Speaking about common blind spots in relationships that he listed in the book, the minister said that the American Church should drop superiority and entitlement. He added that churches should also "move past" the wound of trusting people and start putting themselves in a position that "represent the Kingdom of God here on Earth."
"We are citizens of Heaven here on Earth. And we're here to legislate. What are we here to legislate? The Bible. We're here to love people and to talk to about God's love. But if we continue to walk with this sense of entitlement, we're in trouble," he continued.
Moreover, he said that Christians should reach out to people regardless of who they are, as what he did in Chicago. The pastor brought in various kinds of individuals into his church and relied on the Holy Spirit to change them.

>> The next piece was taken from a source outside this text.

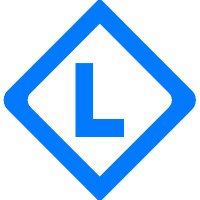 Litterati (@litterati) Twitter profile photo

"I was called to fish, and the American Church needs to remember what we're called to do. We're called to empty Hell and fill Heaven to the glory of God," he argued.
He was also asked if he received any negative feedback over his revelation that he met with two controversial political groups in just a week. In the book, he shared that he went to a gathering of a Democrat gay mayor with her supporters in an event and then met with President Trump's Republican officials. He then claimed that with his action, he was just following Jesus' example.
The minister admitted that he did receive messages on social media questioning his gesture but he answered them by saying, "I'm a referee."
Citing three teams in the NFL, comprising the offense, defense and referee, he said that Christians and pastors should act as "referees in the field of life."
"I'm here on planet Earth to legislate the playbook, which is the Bible, to Lori Lightfoot, Mayor Lightfoot, and then-President Trump. When I see something wrong, I call it out to the mayor. When I see something wrong, I call it out to the president," he said.
He went on to say that picking sides would lose a Christian's "prophetic voice to legislate love" in the world.
On discussing a person's "inner Pharisee" in one of the chapters, the minister was asked if R. T. Kendall's statement in his own book, "You Might Be a Pharisee If," was accurate. In the book, Kendall stated that the Pharisaic tendency was pervasive in both people and churches in general. De Jesus agreed with the author and said that churches do have Pharisees and "some of the meanest people" could actually be in it.
Referencing Luke 15, which tells the story of the prodigal son, the pastor contended that both kids are prodigal.
"One is lost in his sin and one is lost in his religious ways," he emphasized.
He then stressed that Jesus came to address the issues of people who are hurting, including the prostitutes and adulterers, people that are only being marginalized by religious folks. But Christians, he said, should be "spiritual, not secular."
"People want to be religious...I don't want to be religious. I want to be a believer; I want to be a disciple of Jesus Christ. That's totally different from being a Pharisee," he shared.
He was hoping that through his book, people would learn to have more love, tapping into "the bank of Heaven," so that they could love others.
He also reminded about the statement of Jesus when a Pharisee dared to asked Him on "the greatest commandment in the Law." The Lord replied that one should "love [his] neighbors." The pastor added that in doing so, one would live.
"And that's what's happening in our culture today. We have so many Christians that are existing, but they are not living. And the only way we can live is when we operate with the currency of Heaven, which is love," Pastor De Jesus concluded.
The minister's book is set for release on June 1.